I got him for exactly $154.99. I didn't pay for him either, I gave a costume I made back in January to a person who really liked it and in return the person I gave it to bought me the Shorty costume. He should arrive next week. I'm excited. 

I use Apple Barrel all the time. Excellent.

I noticed that they called him Tiny, but he's referred to as Shorty on the internet. I'm not sure which name I like better, they both fit him.


----------



## Robocop (Sep 24, 2008)

Isabella_Price said:


> I got him for exactly $154.99. I didn't pay for him either, I gave a costume I made back in January to a person who really liked it and in return the person I gave it to bought me the Shorty costume. He should arrive next week. I'm excited.
> 
> I use Apple Barrel all the time. Excellent.
> 
> I noticed that they called him Tiny, but he's referred to as Shorty on the internet. I'm not sure which name I like better, they both fit him.
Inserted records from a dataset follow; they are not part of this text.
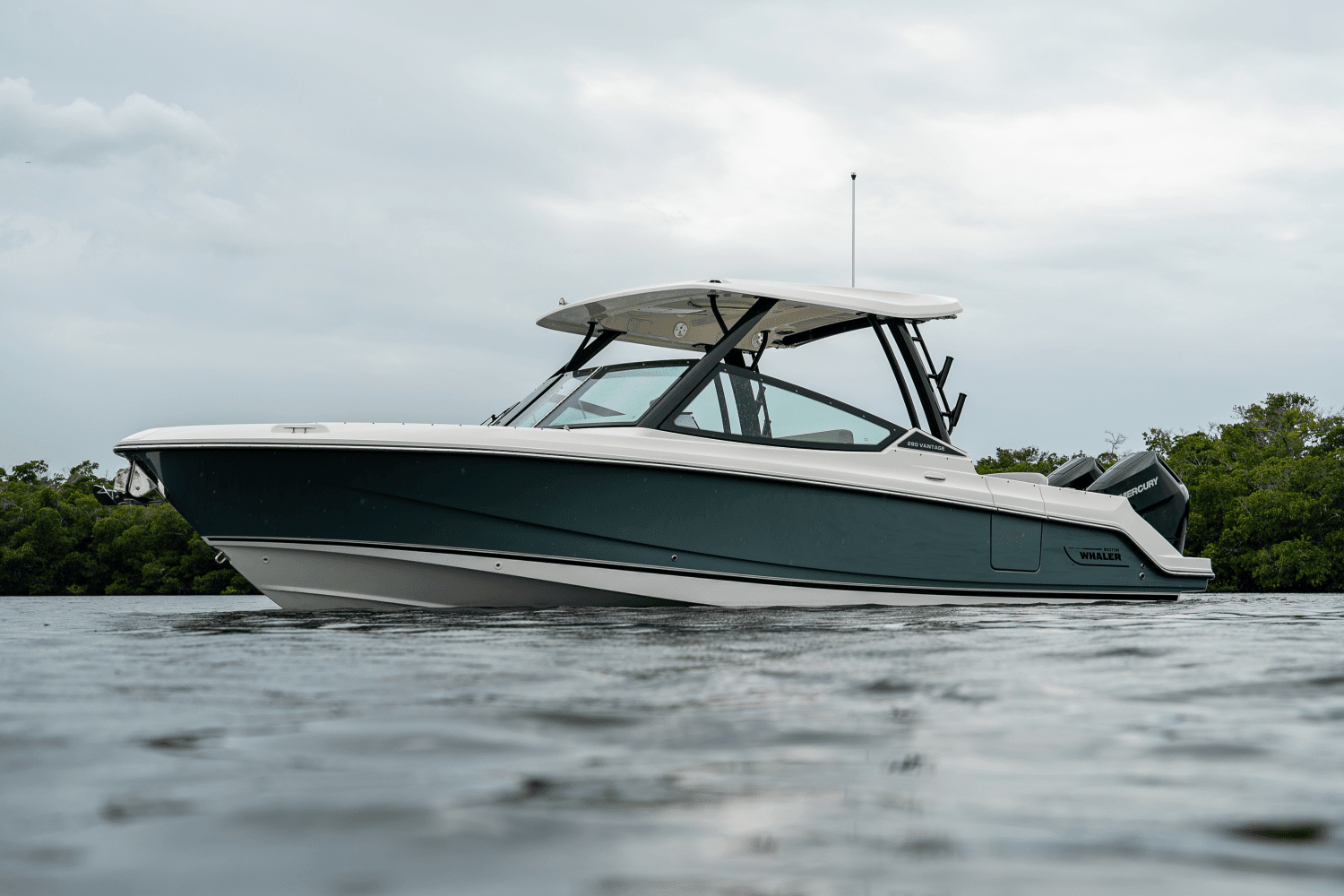 2024 Boston Whaler 280 Vantage Image Thumbnail #27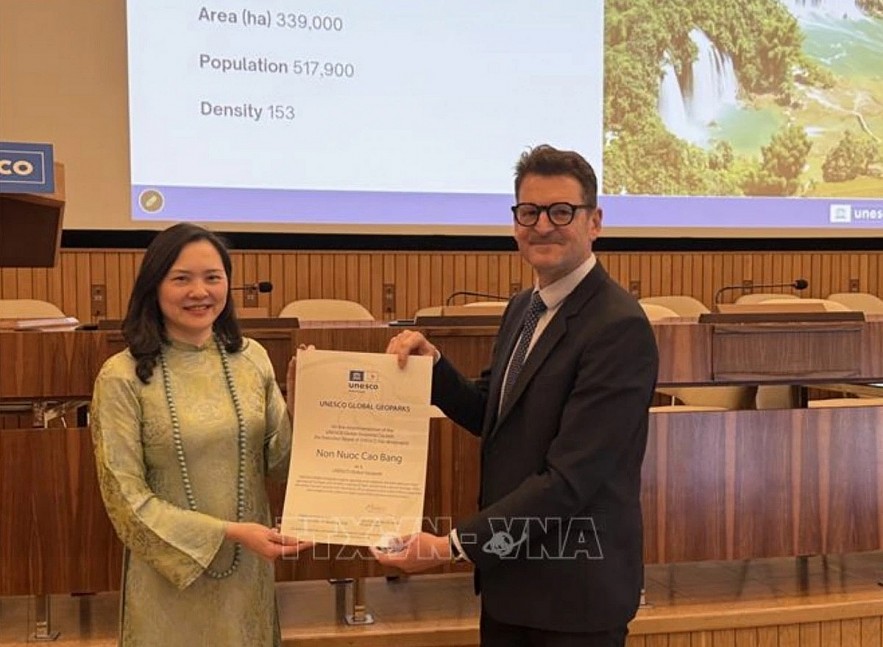 On behalf of the Vietnamese delegation, Ambassador Nguyen Thi Van Anh, Permanent Representative of Vietnam to UNESCO, receives the certificate of revalidation for Non Nuoc Cao Bang Global Geopark. (Photo: VNA)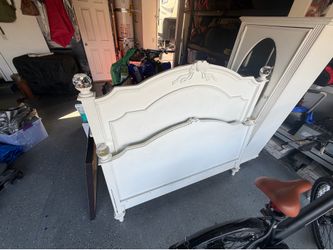 Bedroom set (size FULL)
You ought to post some pics of it when you get it. I really wanted to get the smil costume and make a lifesized display but i didnt reall have anywere to stand him. Do be carefull not to get your pain on to thick or it could crack.


----------



## luv10-31 (Sep 4, 2008)

Thanks for the info Robocop. His work looks amazing. I think I'll have to hold off on IT till next year though(or I will be single LOL!)


----------



## Isabella_Price (Sep 6, 2008)

Robocop said:


> You ought to post some pics of it when you get it. I really wanted to get the smil costume and make a lifesized display but i didnt reall have anywere to stand him. Do be carefull not to get your pain on to thick or it could crack.


A lifesize display would be awesome. I should do that. But, I lack space as well.

Do you put anything over the paint to prevent it from chipping or peeling?


----------



## Robocop (Sep 24, 2008)

isabella, you dont need to put anything over it because the apple barrel paint is latex based so it bonds to the surface. just be sure to let it cure for a week befor wearing it so the paint can cure or it could crack. The other way it would crack is if you lay it on really thick, the only way to seal it is to use permawet but that needs to be airbrushed on.


----------